Last call in East York and the rest of Toronto is 2 a.m., but a committee is now looking into the potential benefits of extending that nightly deadline.
The Toronto Music Advisory Council, which consists of city councillors, music industry professionals and artists, recently presented its case for the change to the Economic Development Committee.
Norm Kelly, Ward 40 councillor and vice-chair of the development committee, said the focus revolves around studying what is known as the “night economy” of Toronto.
“Frankly I had never heard of the concept before…but it’s intriguing,” he said.
“We are emerging as one of the premiere cities of the world and the arts and cultural segment of the economy seems to be growing very rapidly…so when a group appeared before committee to discuss the night economy, I thought it was worth taking a look at.”
Kelly mentioned New York City as an example of how a night economy can help propel a city forward.
The city will reach out to various communities – BIAs, bar owners, music and cultural representatives – to see if extending bar hours would offer more benefit than harm.
Initial concerns centre around potential problems with crime, noise and transportation.
“It’s more than just bar hours,” Kelly said. “It’s an attempt to examine the concept to see the degree to which it exists in Toronto and to see if we can facilitate it in a way that limits the more deleterious aspects of its nature.”
Singer-songwriter Julian Taylor has been part of the East York music community for more than 12 years, performing at venues such as The Danforth Music Hall and Dora Keogh.
He’s neither for nor against extending last call but acknowledges the potential of it being a cultural draw for the city. He doesn’t expect it to put any more money in his pocket as a performer, though.
“I’ve rarely seen a percentage of the bar (as payment), which is the only reason I’d see musicians making more money with extended hours,” he said. “I see that the economy will make more money, and the bars and bartenders will make more money, but I don’t see how it will benefit musicians in any other way.”

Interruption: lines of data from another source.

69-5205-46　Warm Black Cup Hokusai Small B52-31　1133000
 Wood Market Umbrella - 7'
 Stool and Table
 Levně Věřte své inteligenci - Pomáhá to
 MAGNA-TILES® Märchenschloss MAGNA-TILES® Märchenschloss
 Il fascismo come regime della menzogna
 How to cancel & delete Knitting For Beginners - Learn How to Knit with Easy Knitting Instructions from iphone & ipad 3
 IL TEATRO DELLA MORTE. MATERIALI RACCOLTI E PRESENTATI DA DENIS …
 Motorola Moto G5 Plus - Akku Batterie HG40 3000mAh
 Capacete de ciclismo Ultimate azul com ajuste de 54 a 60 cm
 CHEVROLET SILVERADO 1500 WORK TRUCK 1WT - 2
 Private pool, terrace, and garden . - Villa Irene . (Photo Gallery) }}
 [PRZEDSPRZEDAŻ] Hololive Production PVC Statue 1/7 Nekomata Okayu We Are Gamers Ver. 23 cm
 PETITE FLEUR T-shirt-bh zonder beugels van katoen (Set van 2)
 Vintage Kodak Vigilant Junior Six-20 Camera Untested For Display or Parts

Taylor said from a musician’s standpoint, he’d prefer an initiative to actually get more money directly to the performers.
“Forcing the clubs to have a minimum rate that they have to pay these musicians would be amazing,” he said.
Hanka Stepanova has bartended at the Black Swan, another East York music venue, for 17 years. She says it’s about time Toronto loosens its grasp on last call.
“As a worker, of course I don’t want to be up past three in the morning. But you have to get into the shoes of the customers. They pay the bills,” she said.
“Some people cannot even comprehend that somebody is telling them when they can drink. It’s so strict, the rules here.”
Stepanova is originally from Prague, Czech Republic, where she says bar owners get to decide how late they stay open based on how busy they are.
She doesn’t think extended hours would cause more problems in the community. If anything, she said people get more upset with the current law.
“If you have tourists, people not from Canada, it’s last call (at 2 a.m.) so they order five more drinks, then after 45 minutes they can’t finish it so I have to spill it out and they are upset,” she said.
By comparison, last call is 3 a.m. in Montreal and 4 a.m. in New York. Toronto already extends last call to 4 a.m. during festivals such as Canadian Music Week and North by Northeast.
Kelly said no changes will be made until at least midway through 2017.